俺の知っている女の子は、こんなのではなかったはずだ。だが、ひとまず人間ということは分かったので、落ち着くことにする。
「というか、普通あり得ないでしょ? 倒れている人を無視していくなんて」
「死体だと思ったんだ」
「私と目、合ったよね?」
「勘違いかと、思ったんだ」
「私、喋ったよね? お腹空いたって。しかも君、そうかって返事してたけど?」
「いや、道に落ちているものは拾ったら駄目って、小さい時に教わって……」
「それは、ちょっと苦しくない?」
苦しいのは分かっていたが、俺は出来る限り、この女と関わり合いたくなかった。
何しろ、こいつは変なのだ。どこがと言われると、まず見た目が変なのだが、それ以上に俺は、こいつから得体の知れない何かを、感じていた。
その見た目だが、身長は俺の胸元辺りだろうか、少し小さい。髪の色は茶色。長さは肩にかかるくらいで、ふんわりとウェーブがかかっている。服装は、Tシャツにホットパンツ。まあ、そこまではいい。
目元に、なぜかアイマスクをしていた。アイマスクは黒色のシンプルな物だったが、そこに子供の落書きのような目が書かれている。

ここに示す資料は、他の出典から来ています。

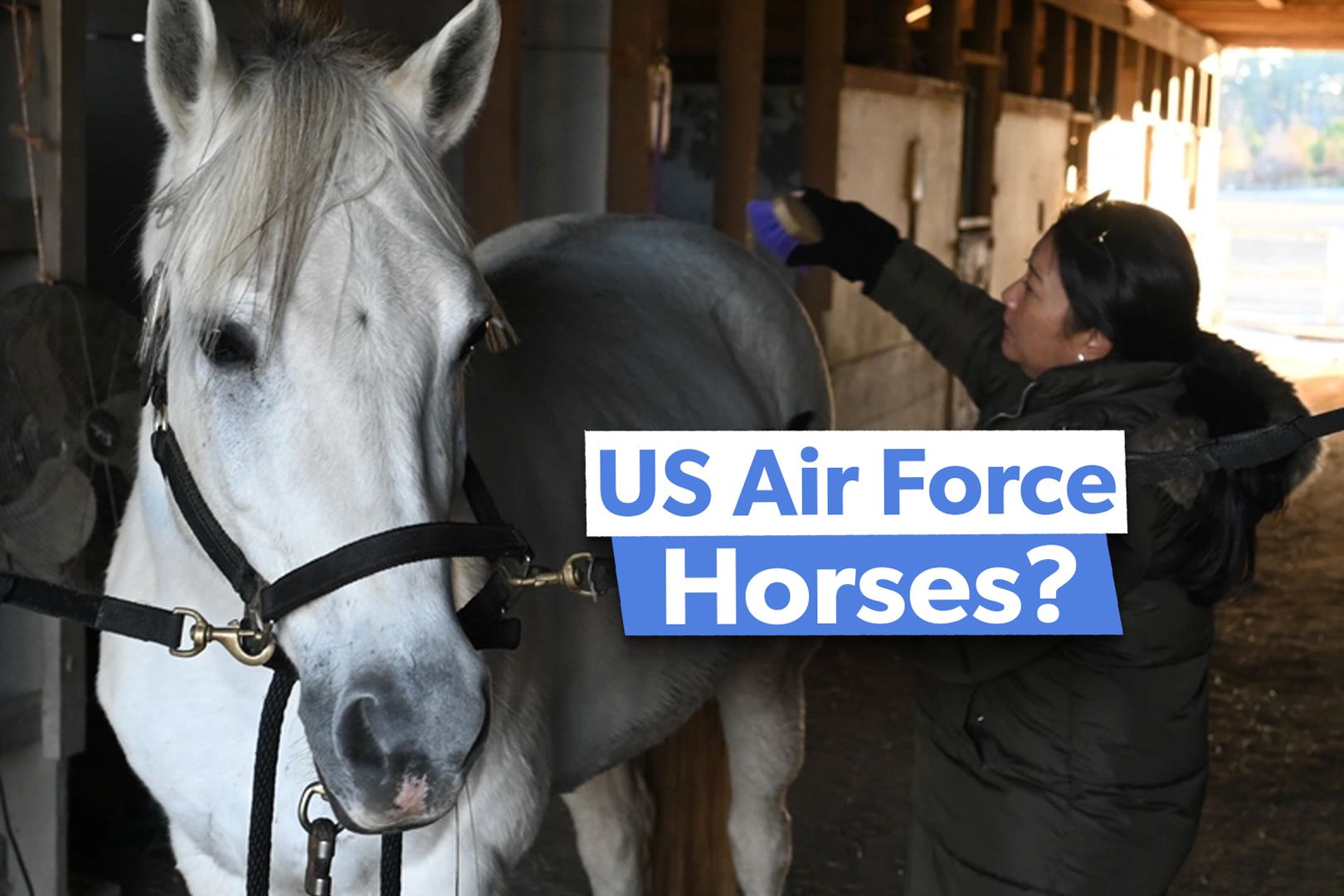 Not Quite Pegasus: Why Some US Air Force Bases Have Horses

目が合った、とか何とか言っていたが、正直、どこ向いているかなんて分からんだろ、これ。というか、前見えてんの? それ。
口元は、中々に表情豊かで、先程まで怒っていたのが、今はニヤニヤと笑っているのが分かる。年齢は、俺より下に見えるが、上のような気もしてくる。つまり分からない。

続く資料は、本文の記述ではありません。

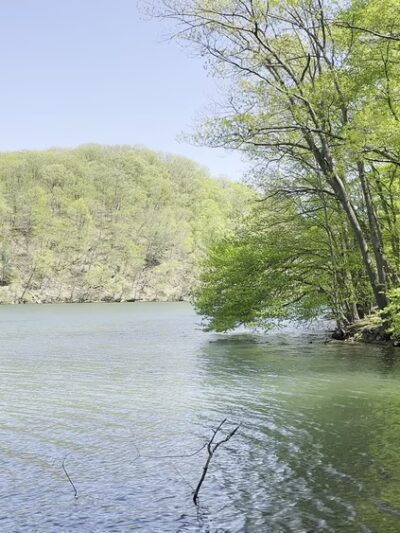 Loch Raven Trails Providence Rd. - Towson, MD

アイマスクを着けていることも十分変だが、それより変なのは、俺が捕まったことだ。気持ち悪い動きで少し焦ったんだ、と言い訳したいが、俺はあの時、本気で逃げるつもりだった。だというのに、避けることすらできずに、捕まったのだ。
「もう! そんなにジロジロ見ないでよ、エッチ~。そんなに見つめられると、惚れちゃうぞっ!」
考えすぎか。頬に手を当て、くねくねと体を動かしているこいつを見ていると、どうでもよくなってきた。もういい、無視して先を急ごう。
俺は体にくっついている女を剥がし、森の出口に向かって歩きだした。